Ce qui importe pour l’écrivain dans le travail d’un peintre, c’est sa digestibilité. Non qu’il soit digestible ou pas, mais comment, par quels processus il peut l’être, puisque l’estomac de l’écrivain est des plus solides et finira par assimiler. Il enveloppe son objet d’un réseau de phrases comme l’araignée d’un fil presque invisible ligote sa proie. L’apparence n’en change pas, c’est la substance qui en est sortie. Ici, pour l’œuvre, qu’elle en ait été extraite ne signifie pas qu’elle est ailleurs engloutie mais, au contraire, qu’elle est mise en exposition.
Il y a dans l’écriture tout le souci d’être de l’écrivain. L’œuvre plastique sera ce qu’elle peut, l’écriture prend son assise dans un dessein permanent, elle développe de l’inscrit, non du plastique. Autrement dit, Michel Butor n’oublie jamais qu’il est l’écrivain, et que le plasticien est producteur d’un objet destiné à l’exercice de la parole. Je l’écrivais avec une feinte légèreté, voici bien des années déjà : A la question "Pourquoi peins-tu ?" il faut répondre comme les enfants, parce que la phrase est pertinente,"Pour faire parler les curieux". Comme toute découverte, une hypothèse énoncée ouvre un champ de discussion, de mise en œuvre de la parole où la parole fait œuvre. Tous les parlers s’y heurtent, — sur la toile—, s’enlisent, dérapent, décrivent, décorent, enluminent, approfondissent, définissent et ouvrent l’œuvre ; mais la littérature, qui s’établit, se structure et fonctionne, est d’autonomie et de liberté devenue au bout du compte le mobile de l’exercice.
On espère l’œuvre objet assez dur pour que le texte nécessaire ne puisse jamais suffire à l’épuiser.
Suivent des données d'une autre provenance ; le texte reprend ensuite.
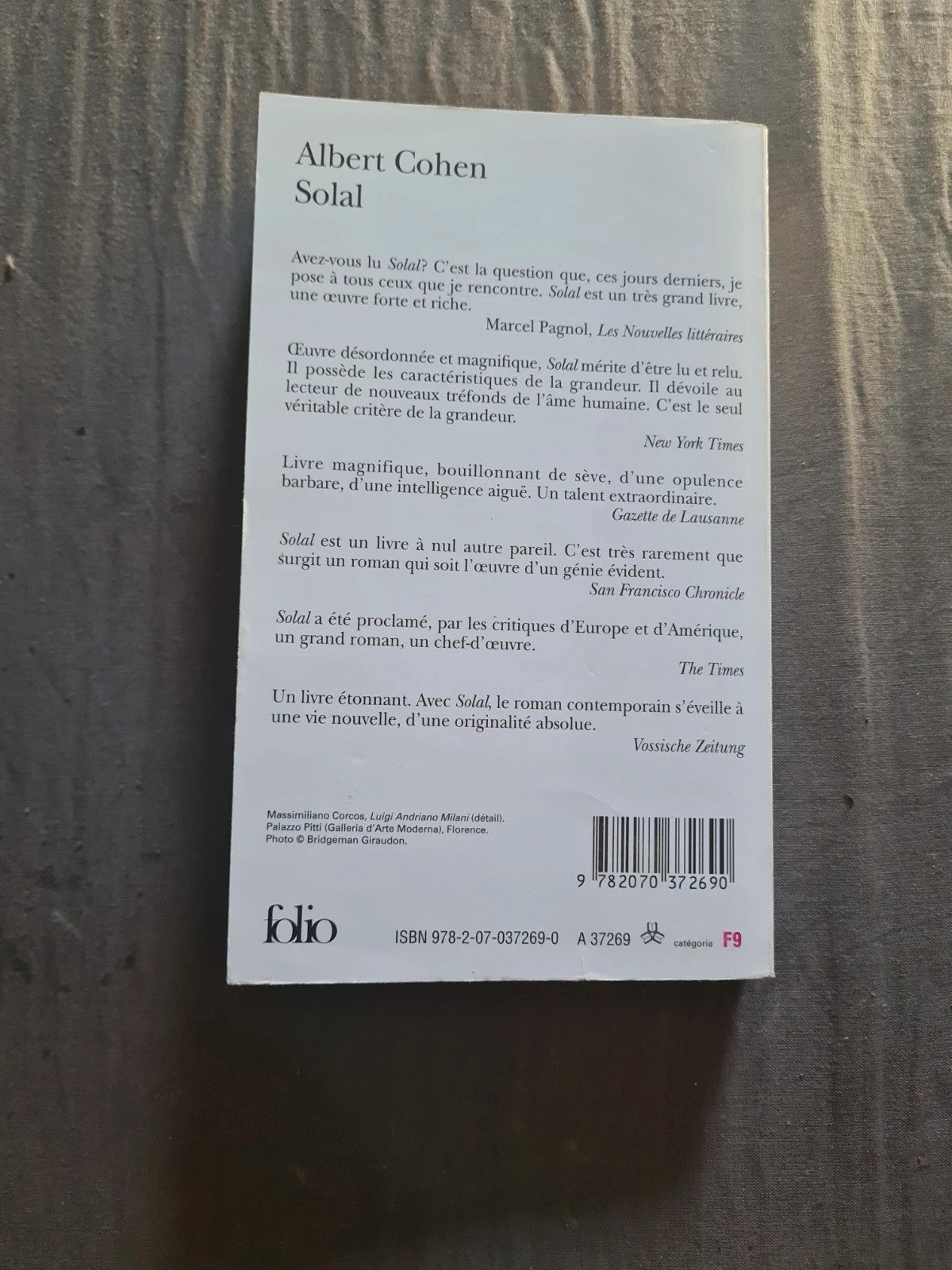 Solal , Albert Cohen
Mais c’est là son problème, antérieur à l’écriture et qui lui est étrangère comme le saut du plongeur dans son déploiement l’est (étranger) au tremplin resté au point zéro du geste. L’œuvre doit être faite de conventions assez pour être lisible, d’autres choses suffisamment pour rester inépuisable par le parler et l’écrire, en un subtil équilibre que seul l’inconscient est capable d’apprécier. C’est d’être uniquement soutenue par la parole, ou bien entièrement de convention, qu’une œuvre un temps dominante se retrouve vide de sens pour la génération suivante.
Peu importe si l’œuvre un jour se révèle coque vide comme la carapace de l’insecte encore longtemps après suspendue dans un coin entoilé du grenier : Le "roman" lui survit. Le roman, lui, survit. Il est la légende (texte) d’un secret perdu, ou la légende d’un chef-d’œuvre que le vulgaire n’entend qu’à travers l’écho persistant d’une vie.
¨ Ronsard me célébrait du temps que j’étais belle ! ¨
Oui, Hélène. Nul ne saurait plus avoir désir de ce qui reste de toi, et cependant qui ne te désirerait, le temps de la lecture, ce temps bref où tu es présence à nous sonore,
" ...assise auprès de ta cousine
Belle comme une Aurore et toi comme un Soleil ,"
celle que dans nos cœurs le poète continue de chanter ?
La force de l’œuvre est d’être un objet qui suscite un discours varié mais unique en ce qu’il ne vaut que pour lui et par lui, que la parole anime mais n’épuise jamais. Soyons modestes, peintres mes frères, devant l’écrivain — et plus encore, avec lui, sachant qu’un jour tout œuvre va se clore — devant la langue qui, elle, ira encore, toujours autre, dans un jeu de subtils glissements vers l’infini des temps...
L’idée cependant que des tonnes de thèses s’abattent sur cette écriture, bientôt en elles diluée, m’effraie.